They have about 65 vendors in 12,000 square feet of small rooms, nooks and crannies. It’s sort of a maze where every turn presents opportunity to find unexpected treasures like these rosettes made from old ties.
They have tons of handmade items and numerous vintage items that I had never seen before. From a mid century era baby monitor called the Baby Sitter to a sixties era Fred Flinstone/ Dino the Dinosaur toy, there are many interesting things to admire. That Flinstones toy is fabulous but comes with a $465 price tag. That was a bit out of my price range but they also have some eighties era Carebears like some I had as a child. Finding them marked vintage was a bit offputting (because I can’t possibly be old enough to call my toys vintage) but they were far more affordable than Fred.
Anyway, it’s a great store in a fantastic space and I highly recommend a visit if you’re in the Denver area. They also have a location in Wisconsin if that’s closer for you. Get the details here!
Denver is a fantastic place to visit in the fall. The weather was in the mid to low sixties the entire visit and the sky was mostly a beautiful light blue. The wind was lively at times, causing leaves to swirl through the air and pile up along the city streets.
In fact, within an hour of our arrival I had learned the true merit of the phrase “hold onto your hat” as I held tightly to my hat and scarf while we scurried down the street.
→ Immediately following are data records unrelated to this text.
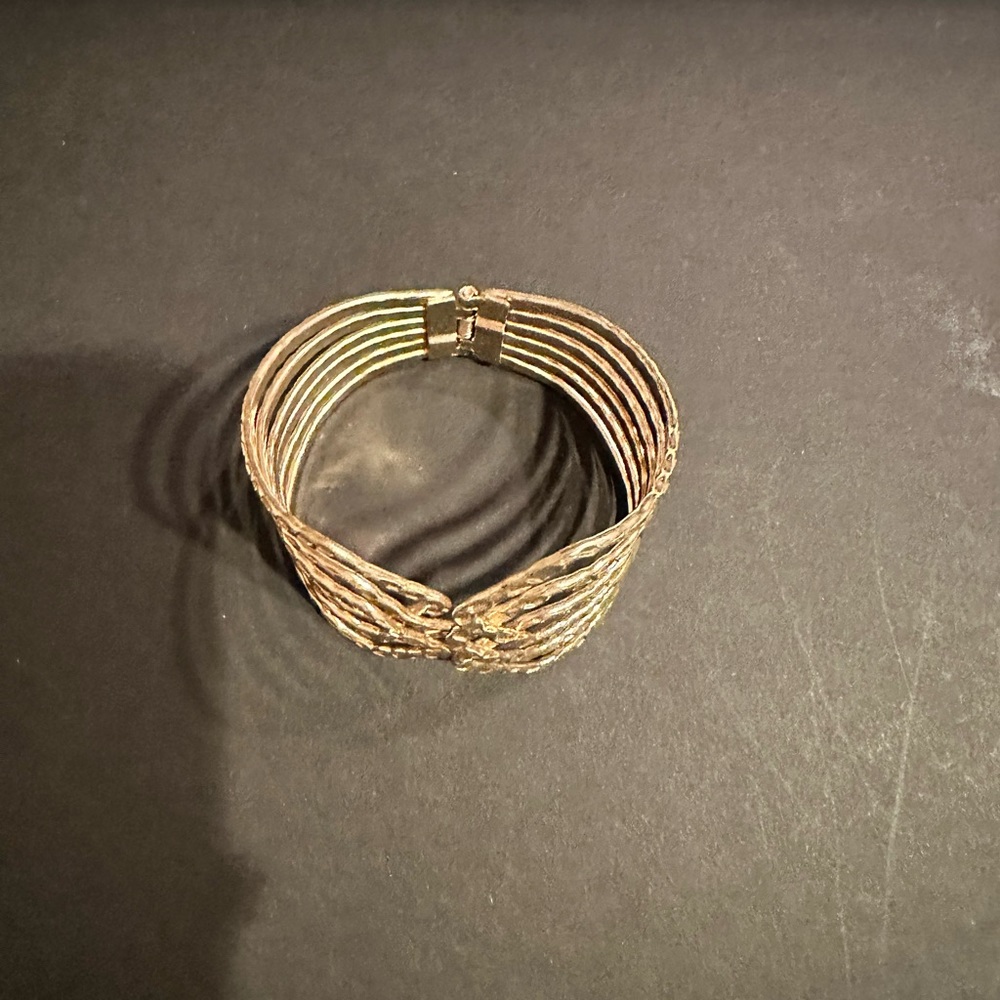 Gold tone spring cuff bracelet. Excellent condition.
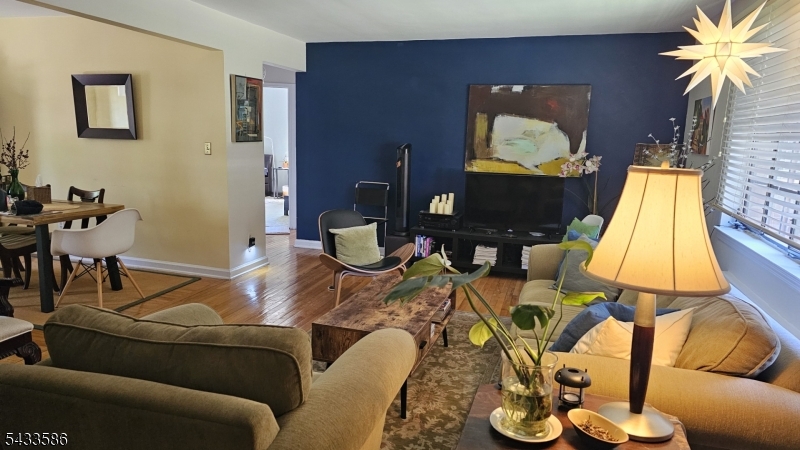 Welcome to this beautifully maintained 2-bedroom, 1-bathroom condo that perfectly blends comfort, style, and convenience. Filled with natural light from the windows, this bright and inviting home offers a warm and relaxing atmosphere, making it the perfect place to unwind and feel at home. Thoughtfully designed for comfortable everyday living, the home features a cozy and welcoming layout ideal for both quiet evenings and entertaining guests.The spacious primary bedroom features two large closets, providing plenty of space for organizing clothing and accessories. The kitchen includes a charming breakfast nook by the window, perfect for enjoying your morning coffee and the refreshing breeze.Elegant flooring flows throughout the home, adding warmth and sophistication to every room. Enjoy the peaceful surroundings of the meticulously landscaped grounds, creating a serene setting right outside your door.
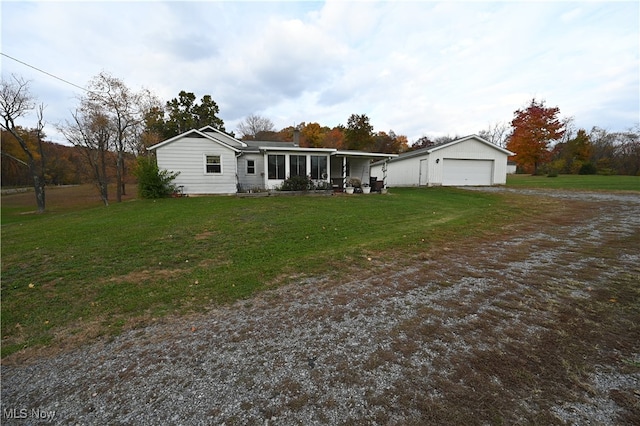 ranch-style house with a front yard, an outbuilding, and a garage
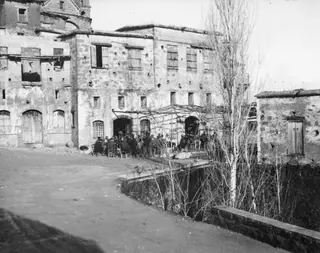 Men seated on chairs outside a café at Lapithos, under a wooden trellis in front of an old stone building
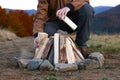 Traveler making bonfire with dry wood outdoors, closeup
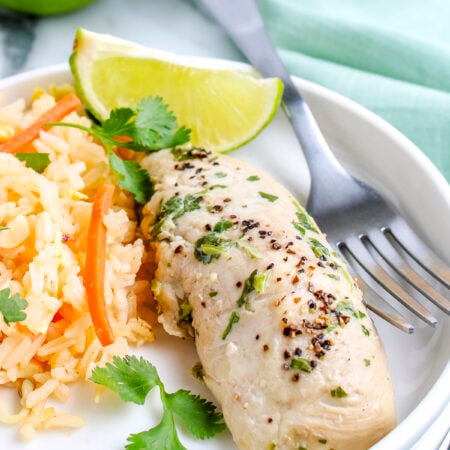 Easy cilantro chicken served with rice pilaf and lime wedges.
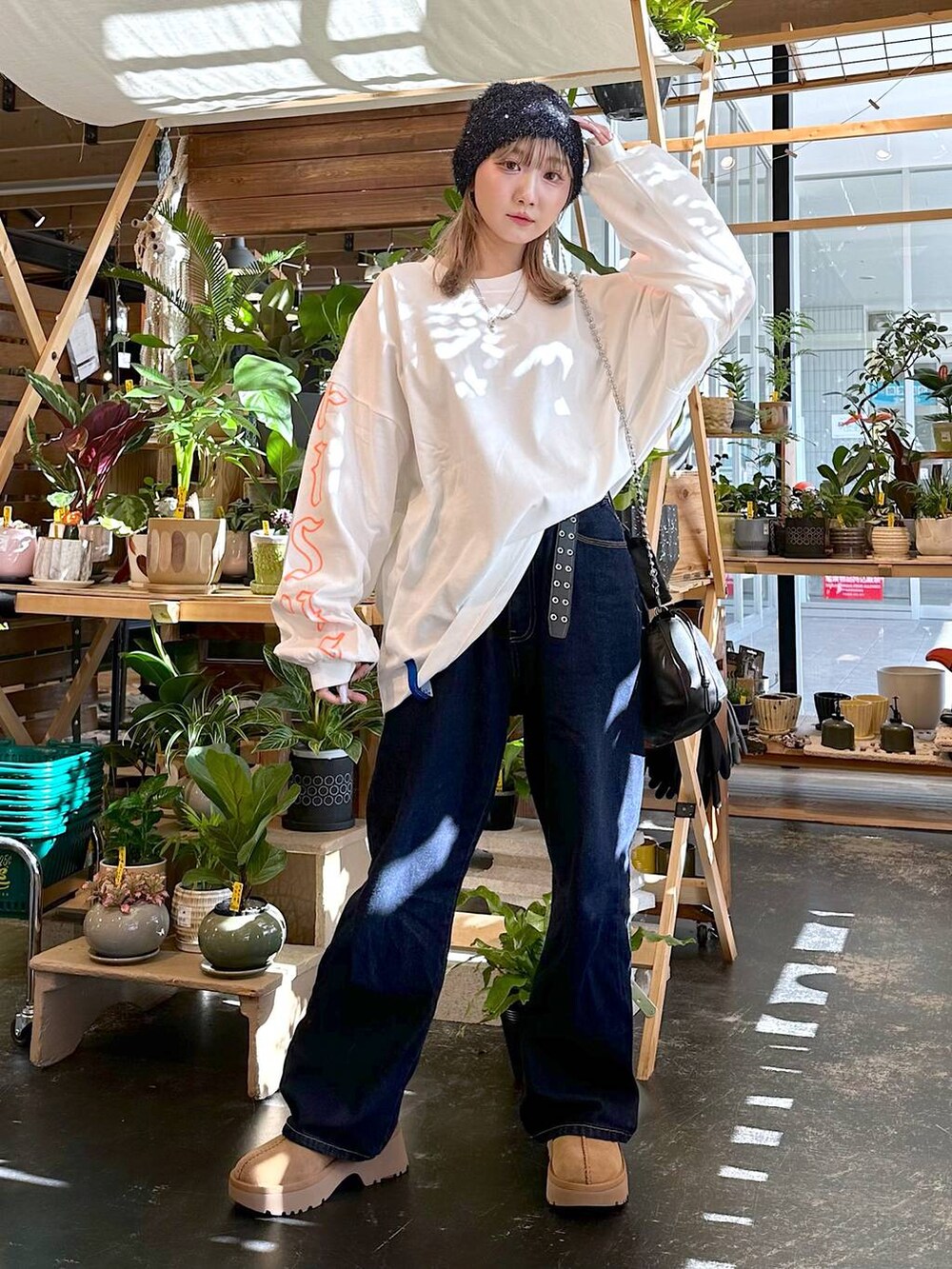 イエロー系のその他シューズ、ブルー系のデニムパンツ、ブラック系のショルダーバッグを着用したレディースの秋コーディネートの4枚目の写真
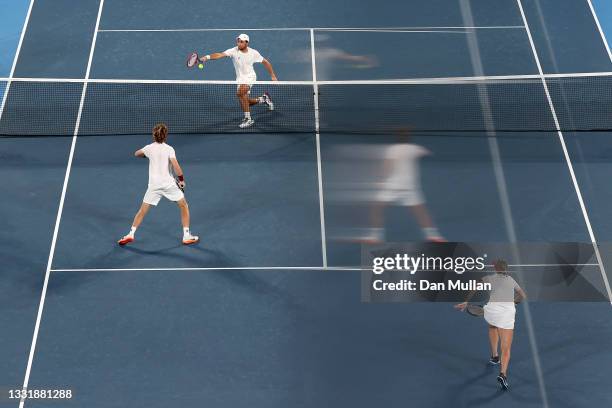 Andrey Rublev and Anastasia Pavlyuchenkova of Team ROC play Aslan Karatsev and Elena Vesnina of Team ROC during their Mixed Doubles Gold Medal match...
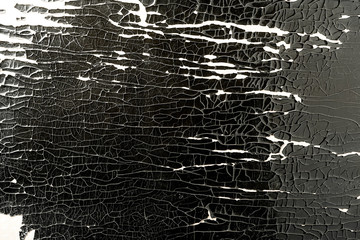 Wood surface with peeling black paint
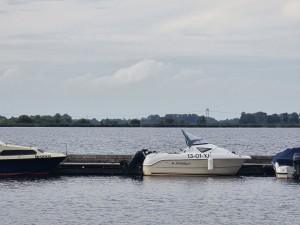 Witte motorboot aangemeerd bij een steiger aan het Schildmeer.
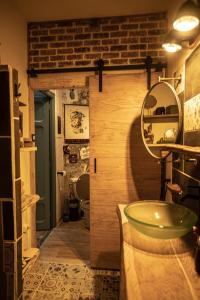 a bathroom with a green sink and a mirror at Le Refuge Cérétan, grand et bel appartement mansardé en plein centre in Céret +20 photos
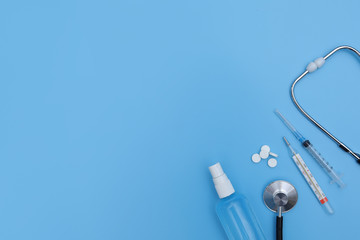 Thermometer, sanitizer, ampoule stethoscope and blister packed medicines over blue backdrop. Concept of healthcare, online shopping, high cost of medicines. expensive medicine. selective focus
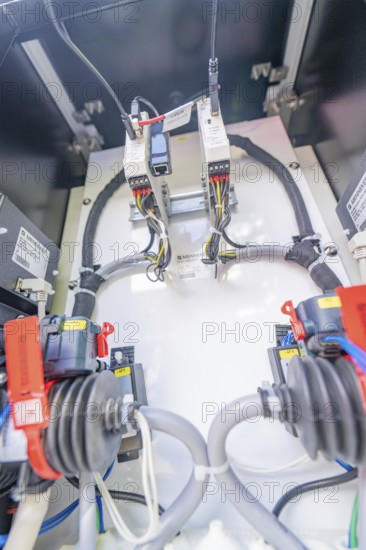 Close-up of the wiring and devices inside an electrical enclosure, assembly of a charging station for electric cars, Calw, Germany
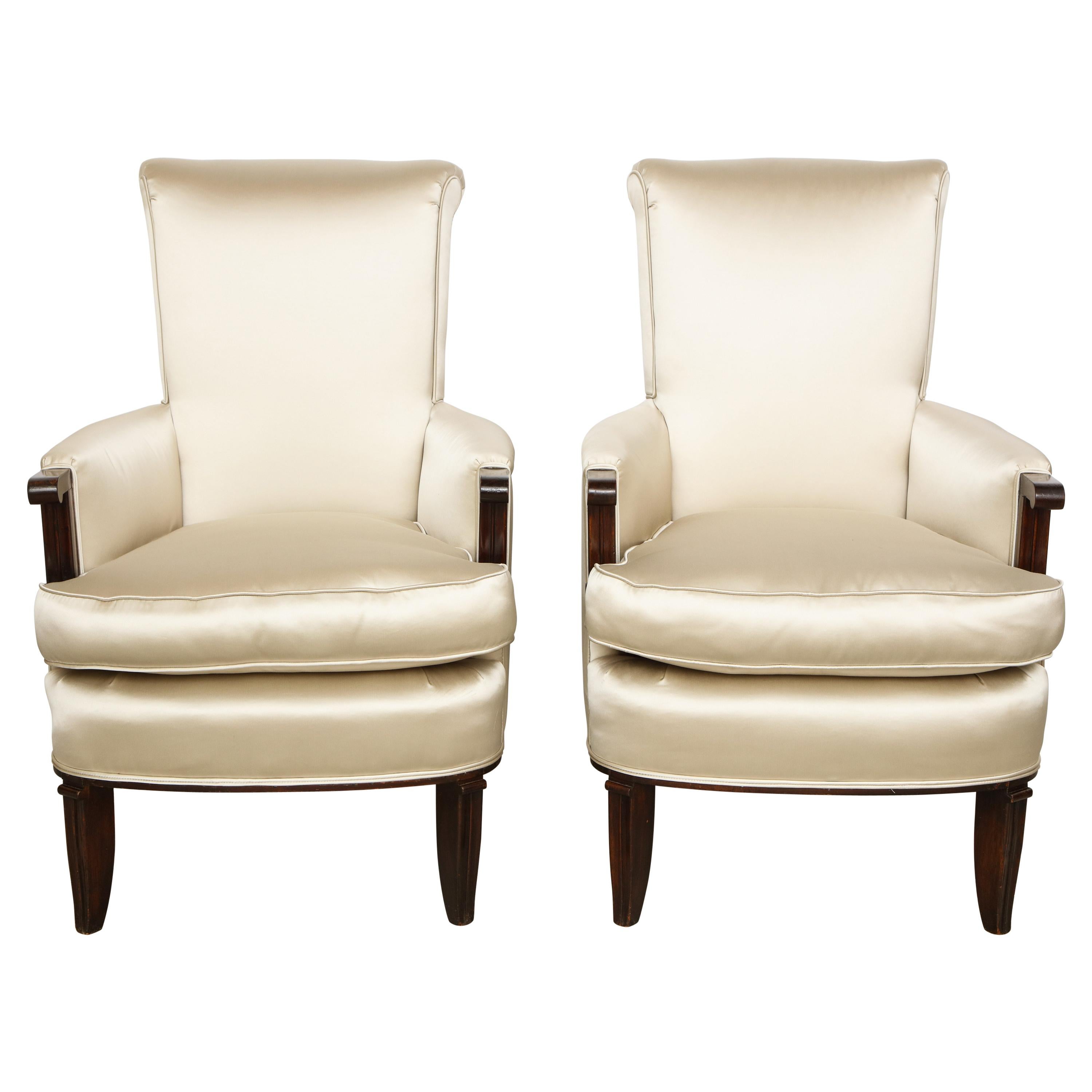 Elegant pair of satin and walnut armchairs by Jules Leleu.
Stamped:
However, the wind calmed and left us with perfect weather for outdoor fun most of the time.
We ended our vacation on a gorgeous day at the Denver Botanic Gardens, stopping here for a few hours before my friend dropped me at the airport and began her drive home. The 23-acre property is located in the Cheesman Park neighborhood and was the perfect ending to our trip.
They have been busy winterizing the grounds and preparing for their Christmas lights event but there was still plenty to see and trails to walk. The property is nicely accessible to all with sidewalks that provide ease of use for strollers, wheelchairs and anyone with balance issues. However, there are also non-paved trails that meander hither and yon through wooded areas and past water features as well.
There are a lot of Asian influences that provide calm and quiet.
An indoor tropical space features a treehouse style observation deck and a large selection of mature plants.
They also have some nice art including this Dale Chihuly piece. It’s similar to others I have seen in the collections at Franklin Park Conservatory in Columbus and the Phipps Conservatory and Gardens in Pittsburgh.
We walked several miles here but I know we didn’t see everything. What I wouldn’t give to go back for their Blossoms of Light exhibit this year.
Here’s one last picture. I was obsessed with this scene and envious of the people who live in this apartment building. What a view they must have from up there!
Denver has a vibrant arts scene and is teeming with murals. Some are elaborate, amazing works of art that are easily viewed from afar while others are tucked away in alleys and other right spaces. I mostly just enjoyed them from the car window but snapped a few pictures.
Here’s one I especially liked.
The colors really popped against the glass and steel buildings and the grey morning sky.
Public art, especially the well done kind, is one of my favorite things to look for when I travel.